What you have to do »
Your answer must be the exact lines of the listing below that run from the line with "The five jobs" to the line with "That will pretty", ends included, and no pictures.

Study material »
--- --- ---

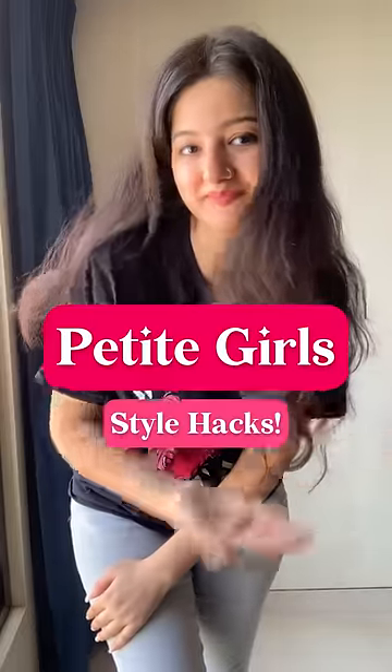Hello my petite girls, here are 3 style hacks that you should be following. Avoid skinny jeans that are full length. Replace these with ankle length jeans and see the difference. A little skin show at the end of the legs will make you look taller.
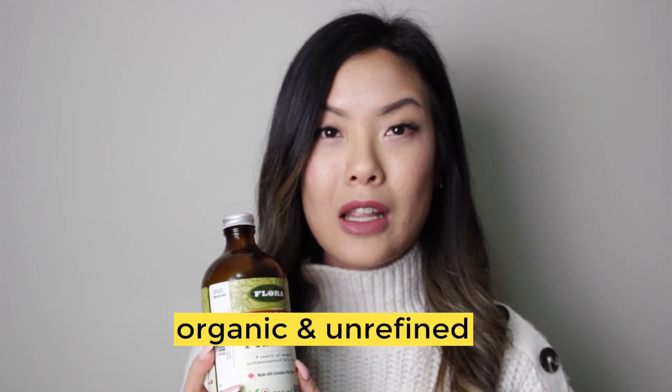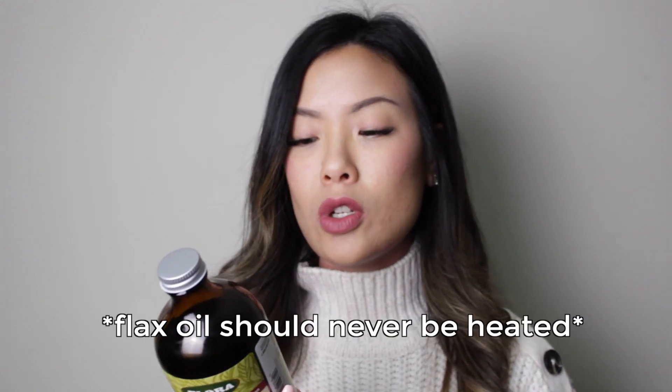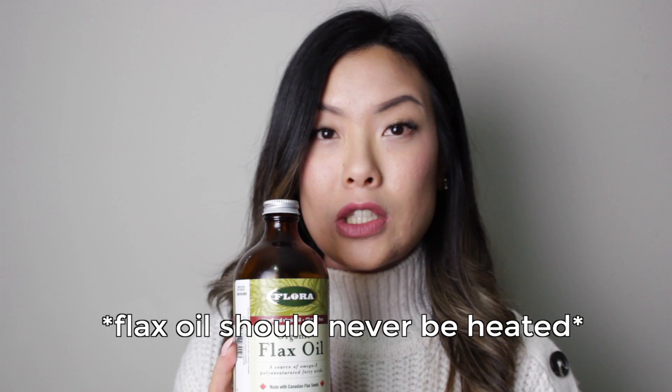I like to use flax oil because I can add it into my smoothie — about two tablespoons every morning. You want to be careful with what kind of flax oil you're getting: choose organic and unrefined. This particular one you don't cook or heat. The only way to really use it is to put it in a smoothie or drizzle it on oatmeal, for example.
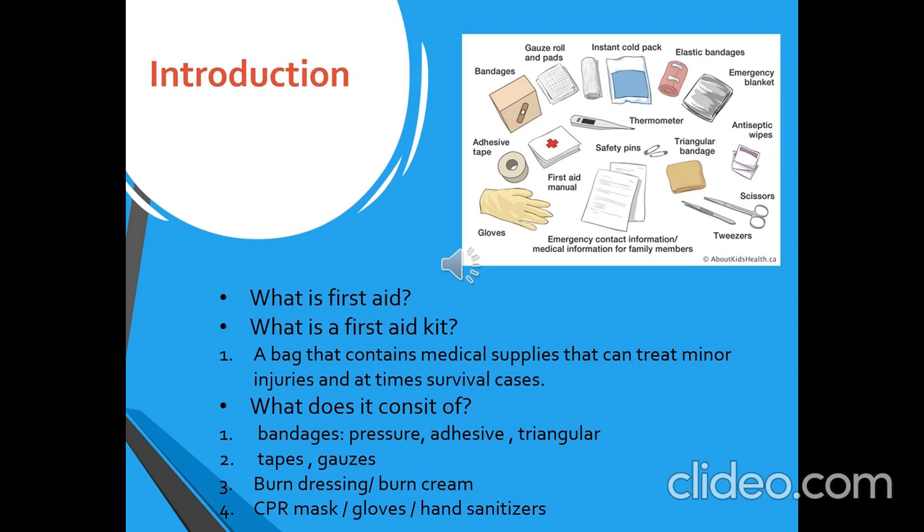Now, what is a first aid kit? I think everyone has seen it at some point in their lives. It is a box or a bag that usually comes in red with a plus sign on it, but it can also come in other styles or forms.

--- --- ---

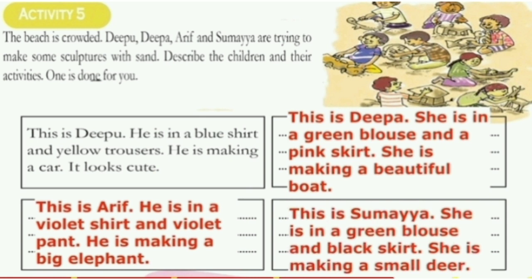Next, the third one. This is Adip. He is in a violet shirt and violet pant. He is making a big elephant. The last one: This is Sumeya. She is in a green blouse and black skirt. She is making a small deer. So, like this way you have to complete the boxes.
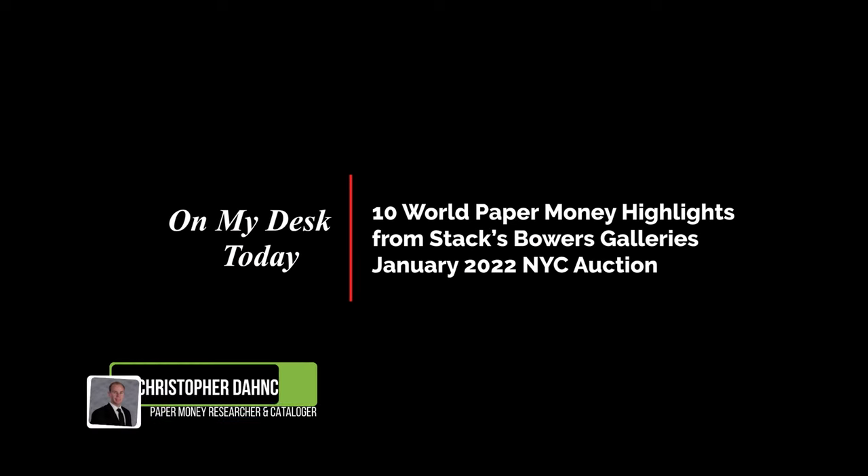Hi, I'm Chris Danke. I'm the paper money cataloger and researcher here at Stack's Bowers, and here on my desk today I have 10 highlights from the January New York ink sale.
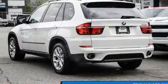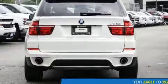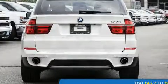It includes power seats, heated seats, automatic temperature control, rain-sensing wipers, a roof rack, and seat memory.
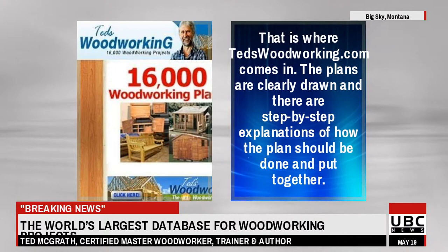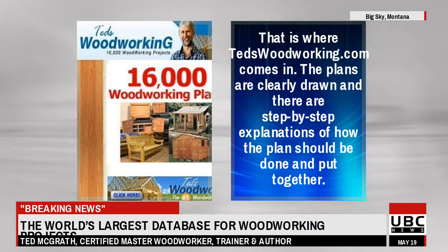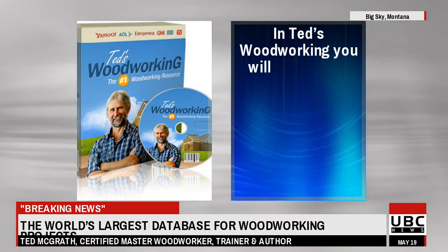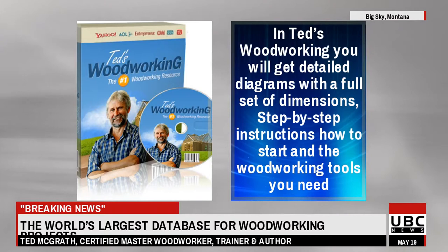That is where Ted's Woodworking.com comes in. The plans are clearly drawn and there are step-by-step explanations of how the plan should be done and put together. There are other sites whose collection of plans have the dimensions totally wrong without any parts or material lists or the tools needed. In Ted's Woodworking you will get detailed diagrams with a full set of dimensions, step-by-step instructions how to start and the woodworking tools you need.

--- --- ---

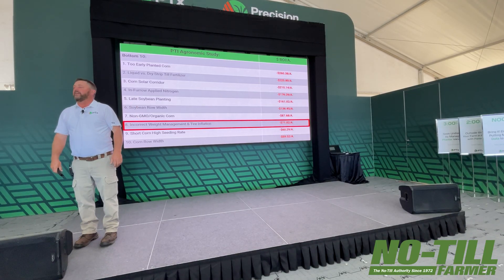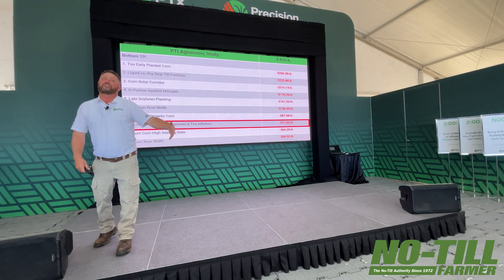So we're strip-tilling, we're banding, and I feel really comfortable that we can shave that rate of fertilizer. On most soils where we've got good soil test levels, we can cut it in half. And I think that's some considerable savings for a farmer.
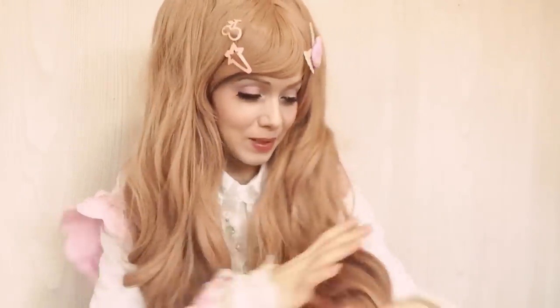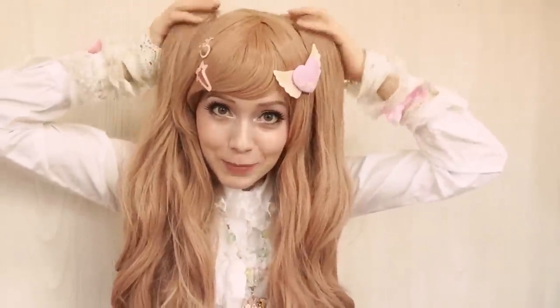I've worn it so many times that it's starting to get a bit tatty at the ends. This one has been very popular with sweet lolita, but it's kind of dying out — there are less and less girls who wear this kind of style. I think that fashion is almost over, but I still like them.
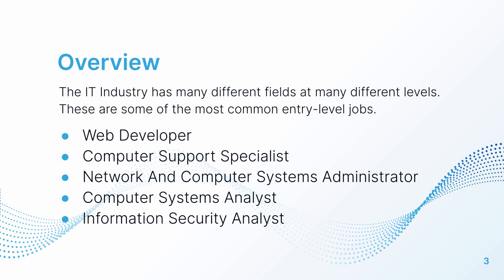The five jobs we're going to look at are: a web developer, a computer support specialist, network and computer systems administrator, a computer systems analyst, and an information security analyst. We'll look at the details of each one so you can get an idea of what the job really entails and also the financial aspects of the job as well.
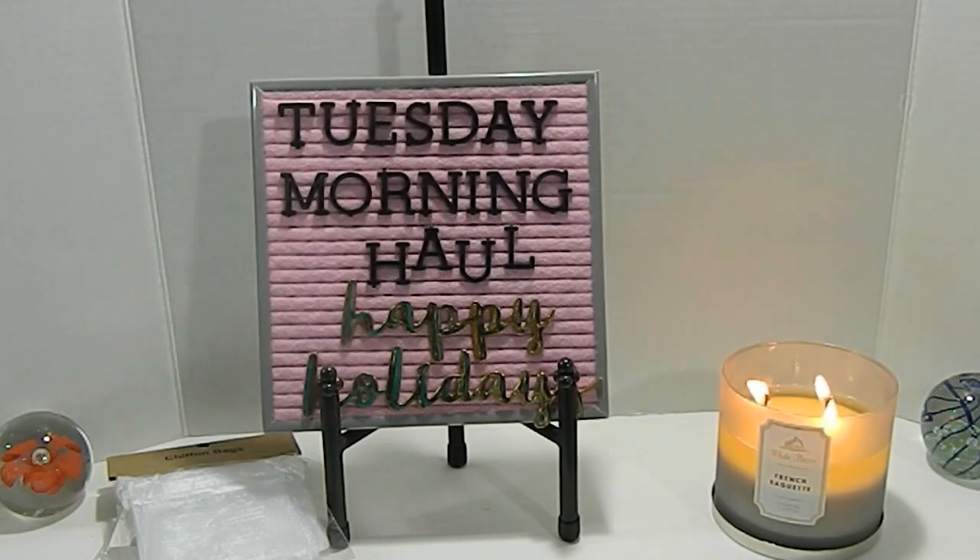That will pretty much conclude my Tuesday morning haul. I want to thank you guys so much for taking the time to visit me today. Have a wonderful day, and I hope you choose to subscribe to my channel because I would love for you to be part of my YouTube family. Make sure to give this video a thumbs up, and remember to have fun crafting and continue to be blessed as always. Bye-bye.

--- --- ---

Completed task »
The five jobs we're going to look at are: a web developer, a computer support specialist, network and computer systems administrator, a computer systems analyst, and an information security analyst. We'll look at the details of each one so you can get an idea of what the job really entails and also the financial aspects of the job as well.
That will pretty much conclude my Tuesday morning haul. I want to thank you guys so much for taking the time to visit me today. Have a wonderful day, and I hope you choose to subscribe to my channel because I would love for you to be part of my YouTube family. Make sure to give this video a thumbs up, and remember to have fun crafting and continue to be blessed as always. Bye-bye.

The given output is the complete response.